> The problem: From the line containing "Coque Ultra Fine" through the last line below, copy every line exactly, leaving out the pictures.

> Captioned web images:
○ ○ ○ ○ ○
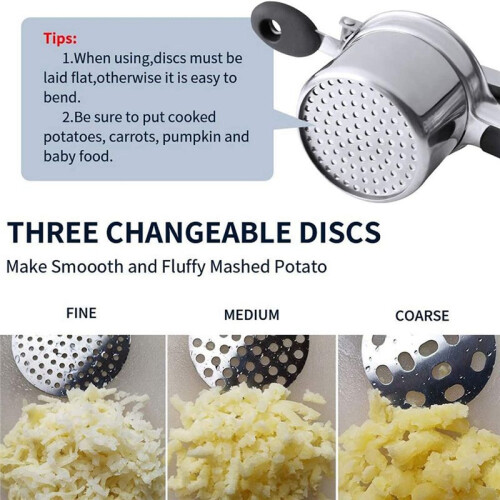 Potato Blender, Spaghetti Making Machine with 3 Interchangeable Discs for Making Mashed Potatoes, Pasta Press 2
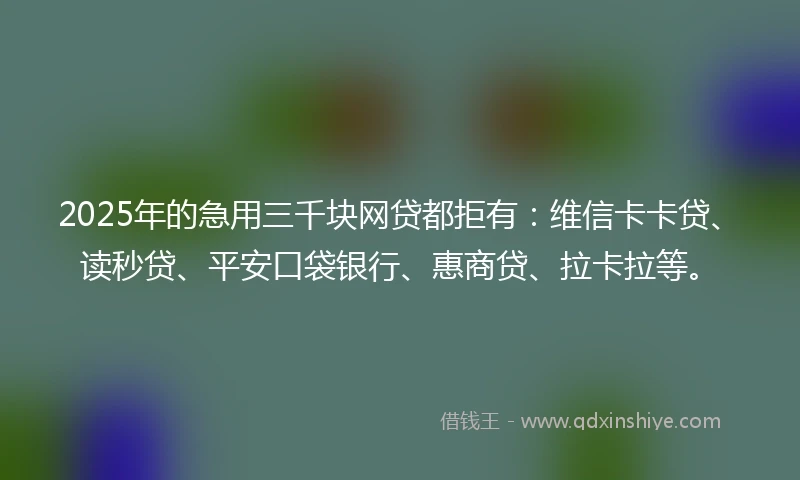 2025年的急用三千块网贷都拒有：维信卡卡贷、读秒贷、平安口袋银行、惠商贷、拉卡拉等。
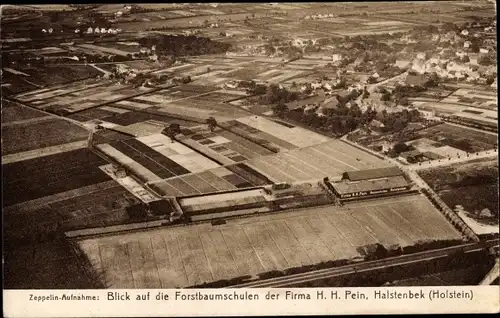 Ak Halstenbek Schleswig Holstein, Zeppelin Aufnahme Hansa, Forstbaumschule Firma H.H. Pein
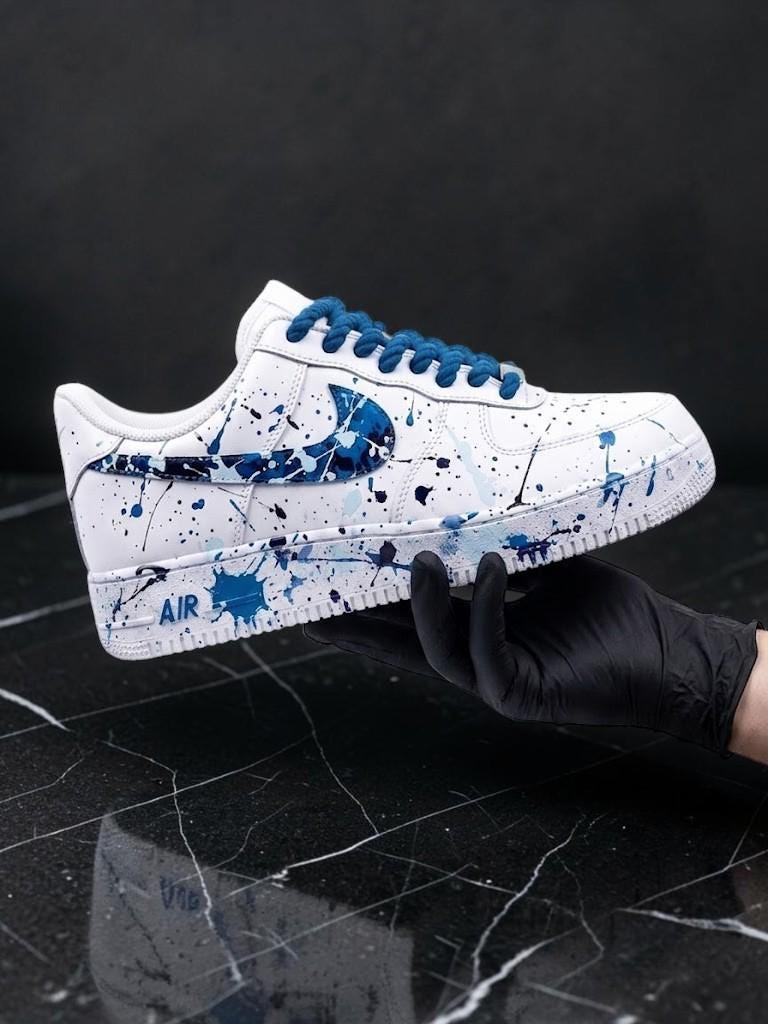 Custom Blue Paint Splatter Sneakers, Hand Painted White Shoes, Abstract Streetwear Sneakers, Personalized Shoes, Unique Gift for Him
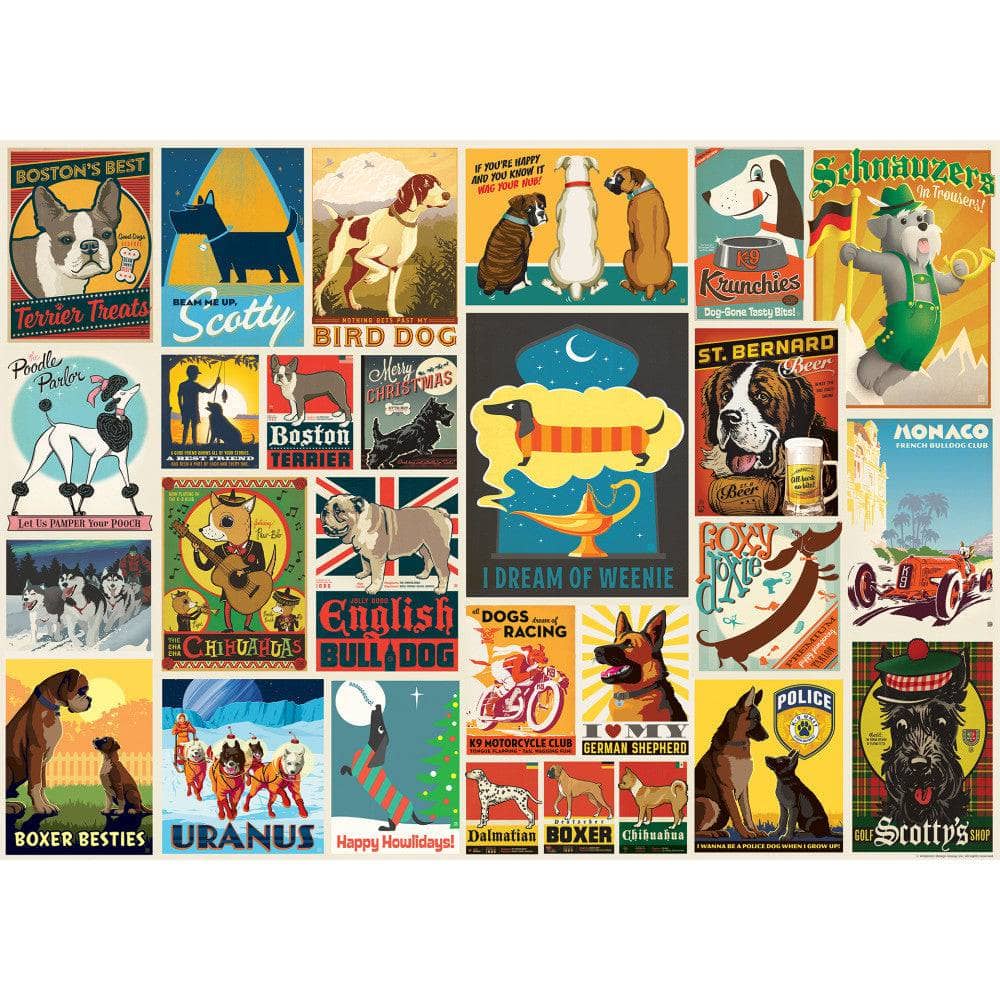 Vintage Posters - Dog Lovers 1000 Piece Jigsaw Puzzle (ONLINE ORDER ONLY)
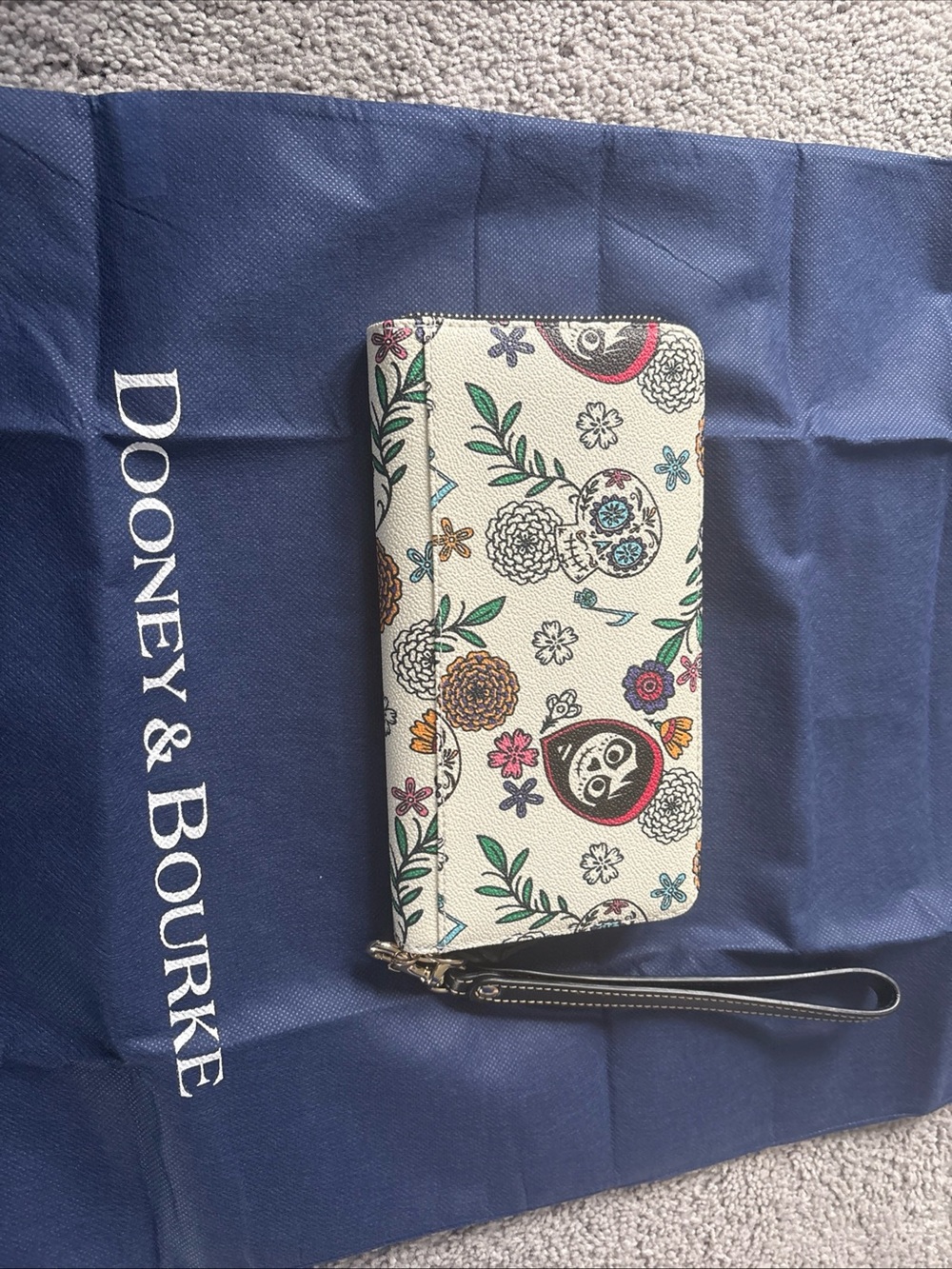 Dooney & Bourke Disney Pixar coco Wristlet with Black Strap - Picture 2 of 5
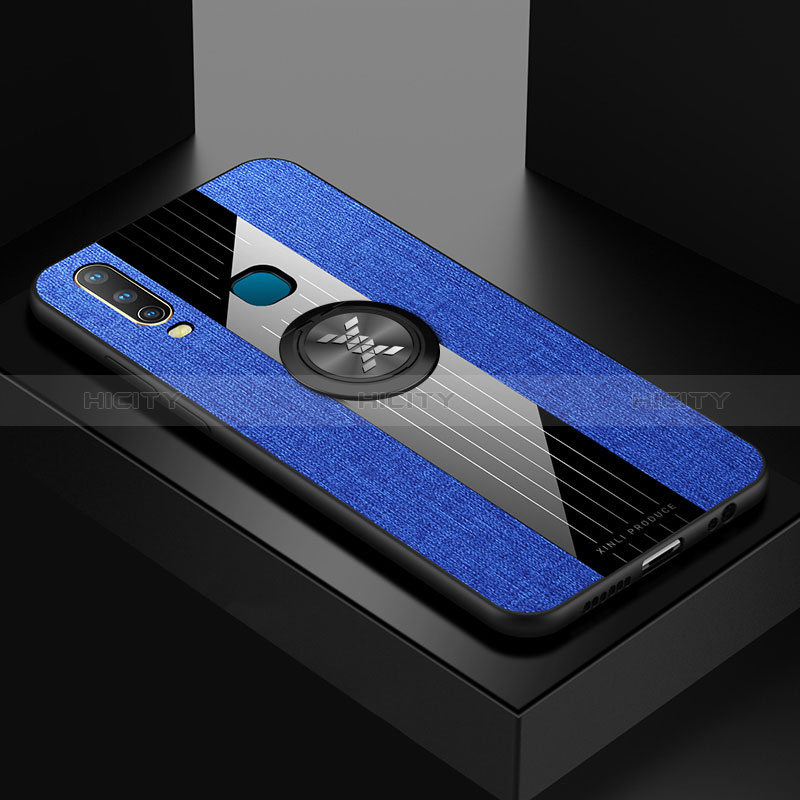 Coque Ultra Fine Silicone Souple Housse Etui avec Support Bague Anneau Aimante Magnetique X01L pour Vivo Y3s Bleu Plus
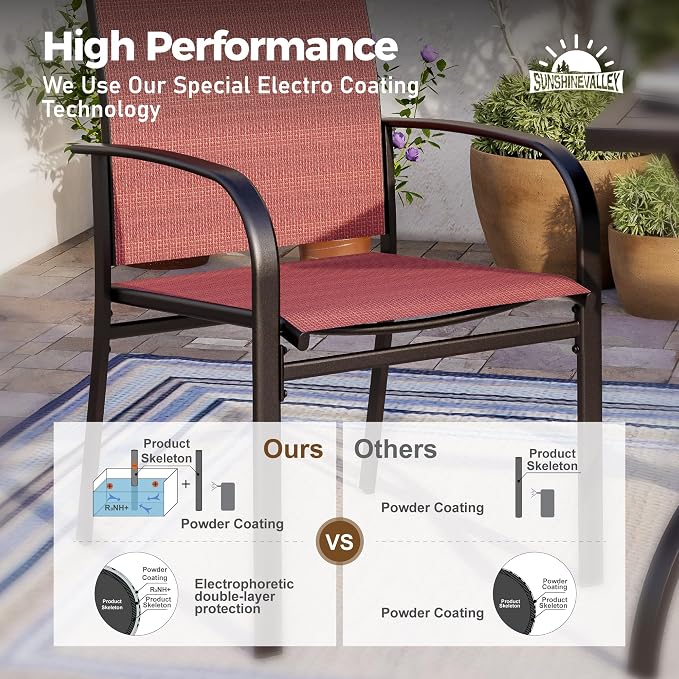 Patio Dining Set for 8, 8 x Stable Dining Chairs, Outdoor Table and Chairs Set - Image 5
○ ○ ○ ○ ○
> Answer box:
 Coque Ultra Fine Silicone Souple Housse Etui avec Support Bague Anneau Aimante Magnetique X01L pour Vivo Y3s Bleu Plus
 Patio Dining Set for 8, 8 x Stable Dining Chairs, Outdoor Table and Chairs Set - Image 5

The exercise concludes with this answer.